'''

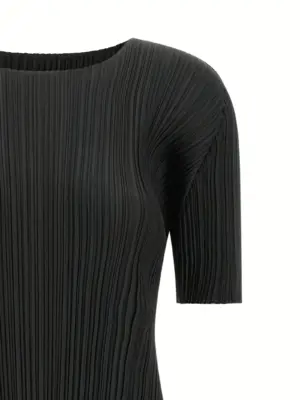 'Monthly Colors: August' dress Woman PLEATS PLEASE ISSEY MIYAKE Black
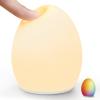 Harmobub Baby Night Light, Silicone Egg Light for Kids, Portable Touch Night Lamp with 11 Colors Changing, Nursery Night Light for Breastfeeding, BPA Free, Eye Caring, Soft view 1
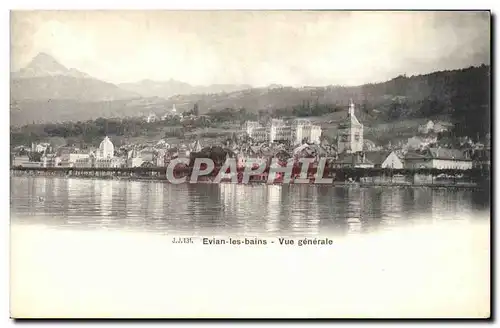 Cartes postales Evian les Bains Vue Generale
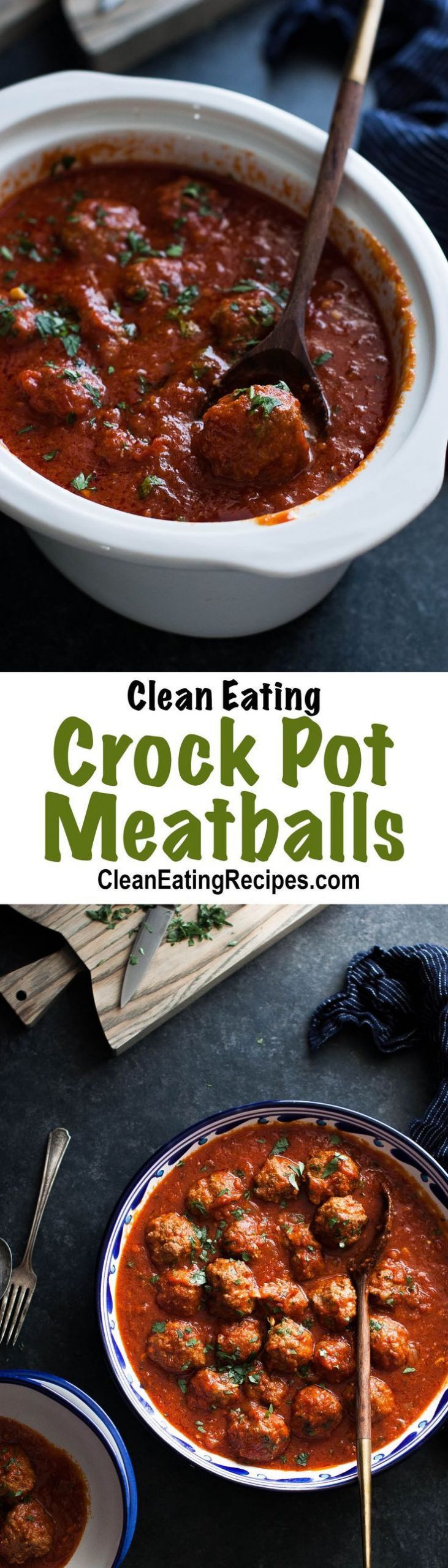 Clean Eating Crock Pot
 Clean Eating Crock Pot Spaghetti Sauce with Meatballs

'''
'''

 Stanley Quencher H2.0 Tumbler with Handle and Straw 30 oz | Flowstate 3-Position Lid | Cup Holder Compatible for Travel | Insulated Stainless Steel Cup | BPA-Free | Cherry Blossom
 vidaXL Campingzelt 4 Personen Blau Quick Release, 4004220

'''
'''

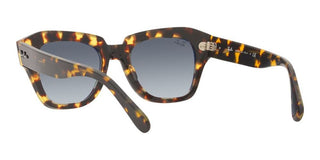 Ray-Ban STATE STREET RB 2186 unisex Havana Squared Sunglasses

'''

Out of the records above, please copy exactly the lines from the line with "ISSEY MIYAKE Black" up to and including the line with "Clean Eating Crock Pot Spaghetti", minus the pictures.

 'Monthly Colors: August' dress Woman PLEATS PLEASE ISSEY MIYAKE Black
 Harmobub Baby Night Light, Silicone Egg Light for Kids, Portable Touch Night Lamp with 11 Colors Changing, Nursery Night Light for Breastfeeding, BPA Free, Eye Caring, Soft view 1
 Cartes postales Evian les Bains Vue Generale
 Clean Eating Crock Pot
 Clean Eating Crock Pot Spaghetti Sauce with Meatballs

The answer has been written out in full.